*DATA EXTRACT:*
***

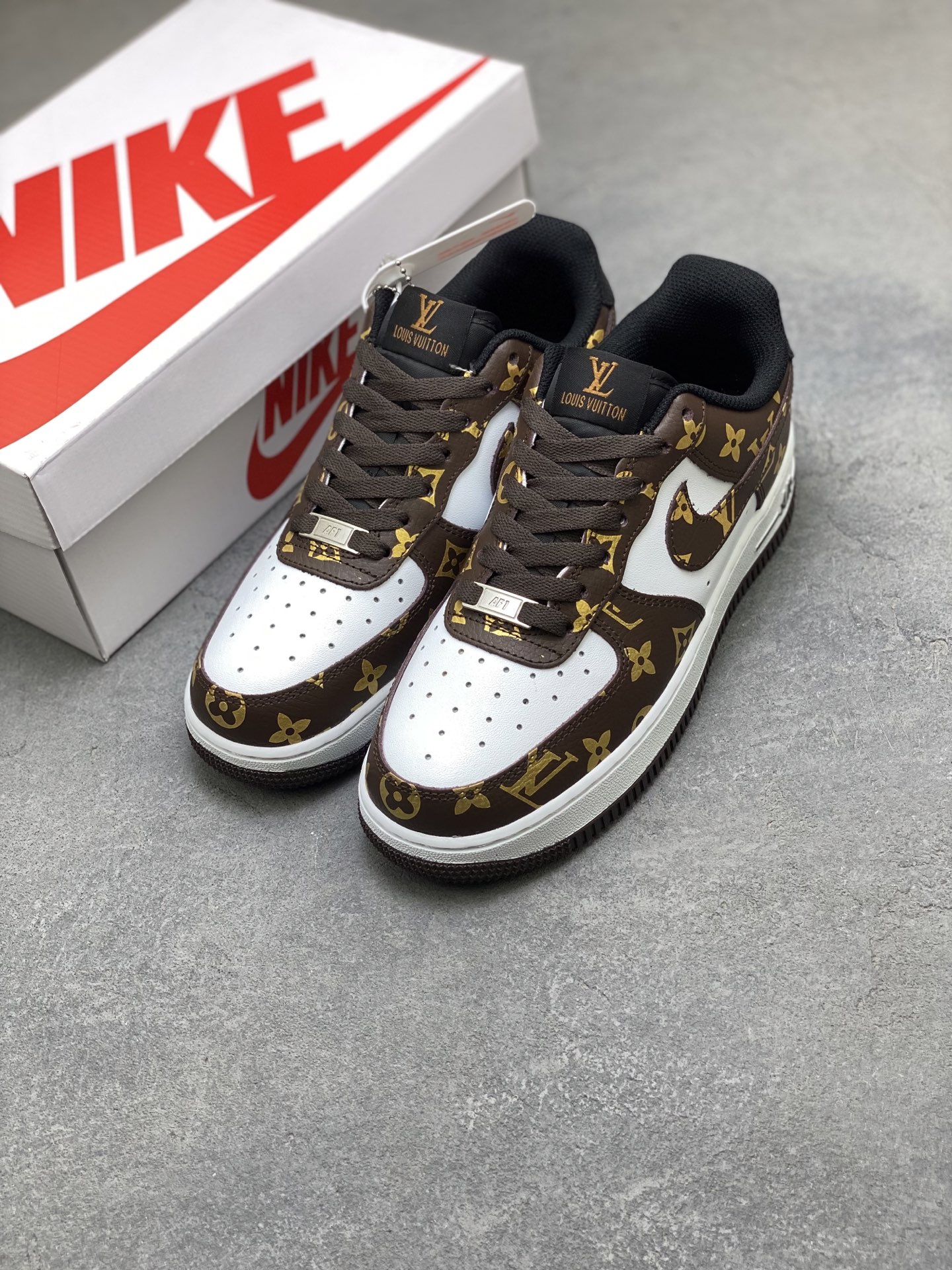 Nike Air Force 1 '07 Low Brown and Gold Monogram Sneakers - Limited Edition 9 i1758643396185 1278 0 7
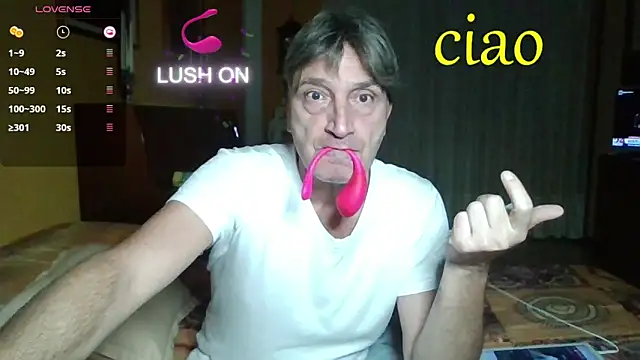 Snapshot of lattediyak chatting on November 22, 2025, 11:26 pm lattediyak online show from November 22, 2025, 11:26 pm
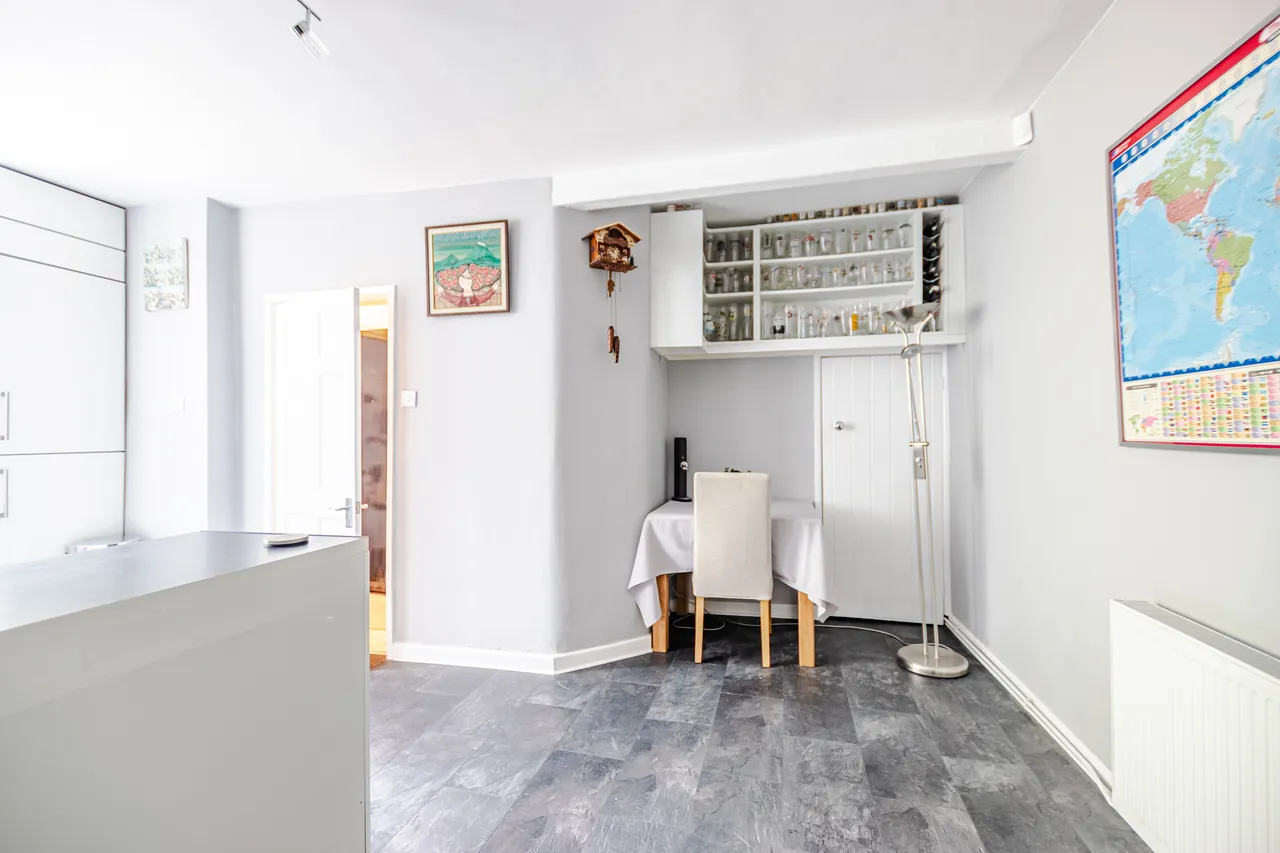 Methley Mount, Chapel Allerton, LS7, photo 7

***

*TASK DETAILS:* Return the complete material exactly as it appears, without images.

*SOLUTION FOR THIS PROBLEM:*
 Nike Air Force 1 '07 Low Brown and Gold Monogram Sneakers - Limited Edition 9 i1758643396185 1278 0 7
 Snapshot of lattediyak chatting on November 22, 2025, 11:26 pm lattediyak online show from November 22, 2025, 11:26 pm
 Methley Mount, Chapel Allerton, LS7, photo 7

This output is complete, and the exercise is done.